CV and Cover Letter

4 times your CV will let you down - and what to do about it

artice image If your CV has any problem areas, it will be to your benefit to explain why (Shutterstock)

When viewing a candidate’s CV employers tend to spend as little as a few seconds scanning it before deciding on whether or not it makes the grade or gets thrown into the trash. If you have any problem areas such as a lack of experience or gaps of long-term unemployment, here are a few tips to help you out.  

1. You lack experience 

Employers don’t know you. To them, a lack of experience may signal an inability to do the job and while you might be able to prove them wrong, your CV suggests differently. The reality is that there are plenty of candidates who have far more experience than you do, and who are probably lining up for an interview.

Solution: This might be a tough one to solve as many recruiters and employers only give CVs a second glance if it represents an outstanding employee. However, it’s not a lost cause – this is where an excellent cover letter will come into play. Use your cover letter to explain why you want the job and why you would be great at it. If you’ve had part-time jobs or have volunteered at other organisations, put it in your cover letter to show your potential employer that you have drive and a track record with references. And use the time between jobs to gain experience

2. You were recently fired

Potential employers want to hire someone reliable, and if you were fired from your previous job, they need to know that you won’t make the same mistake twice.

Solution: Before your interview practice your answer. Make sure you tell the interviewer what you learned and what you would now do differently given the chance. When answering you have to demonstrate to the interviewer that you hold no anger towards the company or your previous employers and that you’re ready to tackle new challenges.  

3. Your CV makes you look like a job hopper

 This may appear to be a problem as employers don’t want someone who will pack up and leave after a few months. If your CV indicates that you’ve stayed in various jobs for less than two years at a time, you may be labeled a job hopper. 

Solution: Make this work for you, not against you.

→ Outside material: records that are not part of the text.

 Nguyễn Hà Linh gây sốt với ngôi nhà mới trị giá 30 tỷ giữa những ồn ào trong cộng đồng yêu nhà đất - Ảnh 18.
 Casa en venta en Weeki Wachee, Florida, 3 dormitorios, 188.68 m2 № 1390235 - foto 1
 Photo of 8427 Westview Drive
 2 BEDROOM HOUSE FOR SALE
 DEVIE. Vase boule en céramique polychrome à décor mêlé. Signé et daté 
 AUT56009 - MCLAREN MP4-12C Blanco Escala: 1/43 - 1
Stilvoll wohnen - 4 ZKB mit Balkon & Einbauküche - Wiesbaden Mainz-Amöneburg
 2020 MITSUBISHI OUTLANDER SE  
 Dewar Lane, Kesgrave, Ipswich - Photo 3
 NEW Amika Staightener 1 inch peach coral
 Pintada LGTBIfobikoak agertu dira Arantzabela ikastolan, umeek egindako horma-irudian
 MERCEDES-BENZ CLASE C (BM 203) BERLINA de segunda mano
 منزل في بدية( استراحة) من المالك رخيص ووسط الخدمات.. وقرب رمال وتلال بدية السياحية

Include as much detail as possible on your CV. If the 6-month job, for example was meant to be a short term job, then state “contract job”. If you meant to help out for only 3 months, say that it was a temp job. However, if those jobs really indicated that you were a job hopper, you’ll have to make the interviewer understand that you’re ready to find a stable job with a company that you can grow with and that your skills will add great value to the company.

4. You’ve been unemployed for a long time

 If you have long-term unemployment gaps on your CV the interviewer might wonder why no one has hired you during these times. They might question whether you were fired and left it off, for example.

Solution: If you had good reason for the gap in your CV like you were volunteering at a non-profit organisation, for example, say it in your interview. Whatever the reason was, be prepared to tell the interviewer why you were unemployed for a long period of time.